The approval makes the drug Europe’s first and only IL-17A inhibitor approved for the condition.
The European Commission has approved secukinumab (Cosentyx; Novartis) for the treatment of hidradenitis suppurativa (HS) in adults with moderate to severe disease and a history of inadequate responses to systemic HS therapies, according to a press release1 from Novartis.
Secukinumab is now the first and only approved IL-17A inhibitor approved for HS in the region. It is also the first new biologic treatment approved for HS in almost a decade.
The EC approval comes after positive phase 3 clinical trial datawas released earlier this year from the SUNSHINE and SUNRISE trials. The studies,2 which were identical, double-blind, placebo-controlled, randomized, and took place across 40 different countries, analyzed participants’ clinical responses to secukinumab, as well as the drug’s safety profile over time.
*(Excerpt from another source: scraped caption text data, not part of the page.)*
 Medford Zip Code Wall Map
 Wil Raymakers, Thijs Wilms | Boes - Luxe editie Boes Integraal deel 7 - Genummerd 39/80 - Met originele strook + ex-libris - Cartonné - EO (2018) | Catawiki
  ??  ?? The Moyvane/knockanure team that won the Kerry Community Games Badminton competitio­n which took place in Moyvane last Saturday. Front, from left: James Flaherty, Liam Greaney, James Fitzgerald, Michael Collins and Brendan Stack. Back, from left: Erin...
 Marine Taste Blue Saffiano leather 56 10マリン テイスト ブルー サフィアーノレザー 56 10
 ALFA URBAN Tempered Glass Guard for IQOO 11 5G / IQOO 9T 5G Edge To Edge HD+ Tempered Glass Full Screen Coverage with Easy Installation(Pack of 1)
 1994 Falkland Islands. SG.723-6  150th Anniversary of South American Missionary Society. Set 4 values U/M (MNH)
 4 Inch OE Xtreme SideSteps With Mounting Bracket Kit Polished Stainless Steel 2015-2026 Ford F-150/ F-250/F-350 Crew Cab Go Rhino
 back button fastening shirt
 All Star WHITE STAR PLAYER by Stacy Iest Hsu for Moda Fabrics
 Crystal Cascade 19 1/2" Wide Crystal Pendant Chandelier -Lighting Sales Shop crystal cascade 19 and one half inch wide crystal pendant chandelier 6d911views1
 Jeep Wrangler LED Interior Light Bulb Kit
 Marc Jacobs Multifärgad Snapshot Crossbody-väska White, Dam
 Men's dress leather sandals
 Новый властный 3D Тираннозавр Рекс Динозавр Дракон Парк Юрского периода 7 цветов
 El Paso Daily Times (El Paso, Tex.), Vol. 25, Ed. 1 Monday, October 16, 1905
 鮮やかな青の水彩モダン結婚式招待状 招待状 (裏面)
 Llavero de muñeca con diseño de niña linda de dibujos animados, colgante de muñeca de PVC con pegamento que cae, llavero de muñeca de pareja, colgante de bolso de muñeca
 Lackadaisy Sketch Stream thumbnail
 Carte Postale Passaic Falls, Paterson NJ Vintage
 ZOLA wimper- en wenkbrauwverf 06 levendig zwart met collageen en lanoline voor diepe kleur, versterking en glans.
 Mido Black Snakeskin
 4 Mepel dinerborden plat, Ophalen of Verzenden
Prospective participants were patients ages 18 and older with a moderate to severe HS diagnosis for at least 1 year prior to the study’s start. Participants also had a history of prior inadequate responses to conventional systemic therapies. Exclusion criteria included a presence of 20 or more fistulae at baseline or had ongoing conditions requiring the use of prohibited medications, such as investigational treatments or systemic biological immunomodulating treatments.
541 patients were screened and approved to participate in the SUNSHINE trial, while 543 were approved to participate in the SUNRISE trial. For 52 weeks, participants received an assigned dose of 300 mg subcutaneous secukinumab administered every 2 weeks, 300 mg subcutaneous secukinumab administered every 4 weeks, or a subcutaneous placebo. Efficacy was defined as the achievement of HS clinical response.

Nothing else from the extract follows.